Whenever we are with others, there is an opportunity to care for one another.
Pastoral care means being there for others – listening to them and accompanying them in their significant life moments; not seeking to fix them, but to provide a safe space in which to uncover the wisdom and strength to carry on. To be ‘pastoral’ means to care for the whole – the whole flock, the whole person, the whole of God’s creation. Pastoral care also makes use of a spiritual ‘toolbox’ – prayer, music, scripture, sacrament, traditions, etc. as appropriate and as requested.
Please inform the ministers or office if you, or someone else from whom you have received permission to share their situation, has experienced an illness or other significant life event and would like someone to reach out. It’s only possible to respond to one another’s needs when we know about them.
Well-being & Friendly-visiting Care
Pastoral care is the umbrella of all the ways that we all care for spiritual health; of individuals, of families, of our community, of the world. At Harcourt, much of our well-being and friendly-visiting care is offered by volunteer community members and small groups. Our network of neighbourhood hosts help to facilitate these connections. These kinds of pastoral care might look like; friendly visits [currently by phone or zoom], accompanying someone to a difficult appointment, sending a postcard, facilitating a spiritual book group, helping someone connect with a foodbank or shelter, advocating with politicians for accessible childcare, or leading a workshop on the story of Lazarus’ coming out and Martha’s joy.

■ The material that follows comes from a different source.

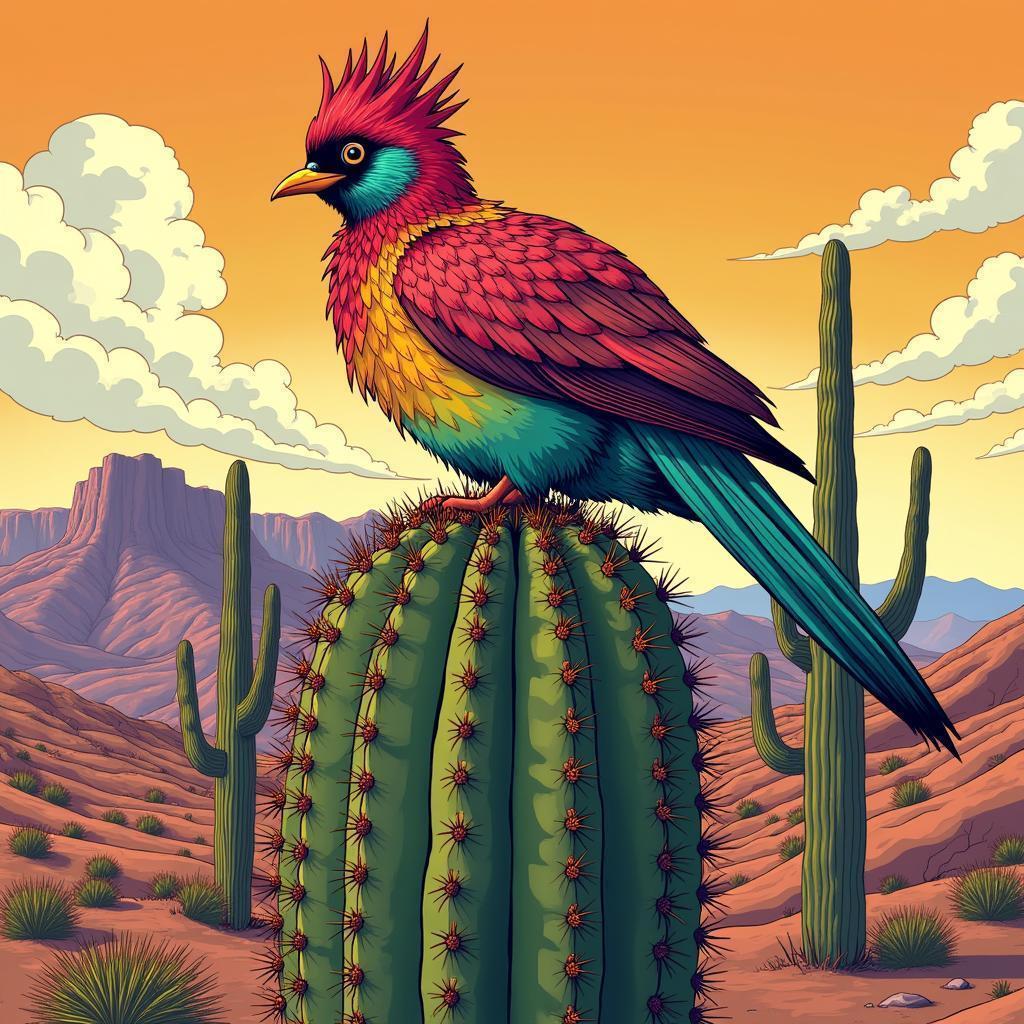 Manga Dodo Perched on a Towering Saguaro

In our church community we would like to think that none of us are alone, but we know that there are many people who do not have family close by or who may find it difficult to connect with those outside their homes. Connection is particularly important with those in hospital, seniors’ residences and long-term care facilities.
Harcourt has a team of covenanted Spiritual Companions, trained in spiritual direction and accompaniment. More information will be posted soon, or you can contact the office.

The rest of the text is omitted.